Schijndood of ondode
De grootste angst van een ieder die dood gaat: om schijndood te zijn en levend begraven te worden. Hoe herken je een schijndode, of liever gezegd: hoe herken je een echte dode?
Schijndood: wat is dat?
Iemand die schijndood is, is niet hersendood. Schijndood is een toestand van diepe bewusteloosheid. De grootste angst die mensen vaak hebben, is om begraven te worden terwijl ze schijndood zijn. Wie namelijk wakker wordt in een lijkkist diep onder de grond, zal daar een langzame verstikking te wachten staan.
Optreden schijndood
Schijndood treedt vooral in bepaalde gevallen op. Zo kan je denken aan elektrocutie, waarbij alle lichaamsfuncties uitgeschakeld lijken te zijn.Bij ernstige onderkoeling kan het hart zo traag gaan werken dat het slachtoffer ook schijndood is. Ook bij verdrinking treedt wel eens de schijndood op. Vergiftiging met alcohol of andere middelen kan ook schijndood opwekken. Wanneer iemand een traumatische shock heeft opgelopen die zeer ernstig is, zoals bij een groot ongeval, kan ook schijndood optreden.
Levend begraven
De nachtmerrie van een ieder: levend begraven worden. Vroeger had men hier zoveel angst voor dat een dode niet direct begraven werd maar eerst een aantal dagen in een speciaal huisje werd geplaatst. Aan een van de vingers kreeg de vermeende dode een touwtje, dat verbonden was met een bel. Wanneer de dode weer zou herleven, dan kon deze de andere mensen waarschuwen.

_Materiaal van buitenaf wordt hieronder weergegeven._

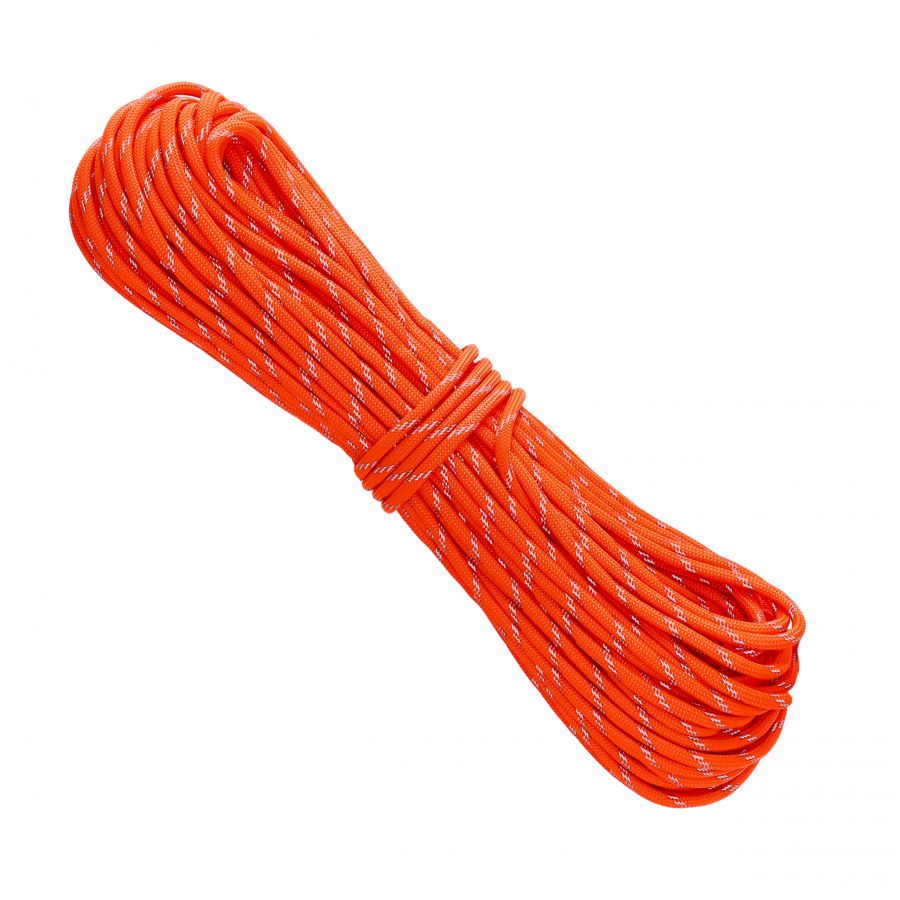 Paracord EDCX Reflective 30 m soft orange rope 1/3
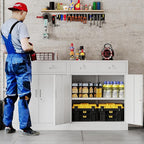 Metal Storage Cabinet, 36 Inch Tall Metal Storage Cabinet with Doors and Shelves, Pantry Cabinets with Drawer for Kitchen Storage, Garage Cabinet for Living, Dining Room, Assemble Required.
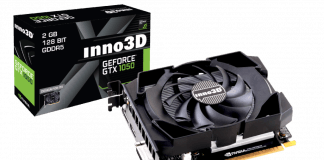 Inno3D przedstawia malucha do grania i oglądania GeForce GTX 1050 Compact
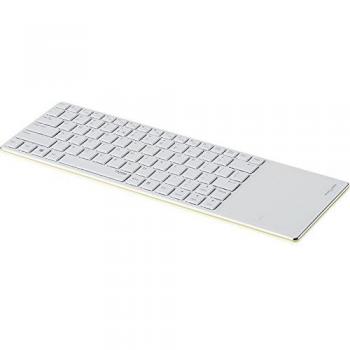 Rapoo E6700 – Tastiera Multimediale Bluetooth 3.0, Verde, 82 Tasti, Touchpad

Pas na een aantal dagen werd de dode echt begraven.
Hoewel dit iets is van vroegere tijden, wordt de methode wel nog steeds toegepast. Een dode mag pas begraven of gecremeerd worden na 36 uur. Eventuele schijndood kan dan voor die 36 uur opgemerkt worden. Ontbindingsverschijnselen zijn dan meestal al waar te nemen, lijkvlekken zijn al eerder te zien. Een en ander hangt wel af van de mate van bewaring van het lijk: in de koeling, zoals hier meestal het geval is, zal ontbinding langer op zich laten wachten.
Verklaring dood
De verklaring dat iemand dood is, wordt door een arts vastgelegd. Deze doet dit door middel van het nakijken van de hartslag, ademhaling en reflexen. Bij schijndood zijn de reflexen vaak uitgeschakeld. Ook is bij schijndood de ademhaling en de hartslag bijna niet waarneembaar. Gelukkig kan met de moderne medische hulpmiddelen beter gecontroleerd worden. Via een EEG kan elektrische activiteit in de hersenen worden geregistreerd.
De doodverklaring ligt niet bij de lijkschouwer. Toch komt het wel eens voor dat deze een vermeende dode op zijn tafel krijgt, die later begint te ademen of te bewegen en levend is. In gevallen waarbij schijndood eerder optreedt wordt er wel extra gecontroleerd. Door de minimale duur van 36 uur voor begraving, kan eventuele schijndood opgemerkt worden. Maar zelfs dan is er nog steeds een hele kleine kans dat iemand levend begraven wordt. Een wel hele kleine kans! Cremeren brengt overigens minder leed met zich mee als ze dan toch van je af willen: crematie gaat zo snel dat je er niet eens wat van voelt, mocht je nog levend zijn.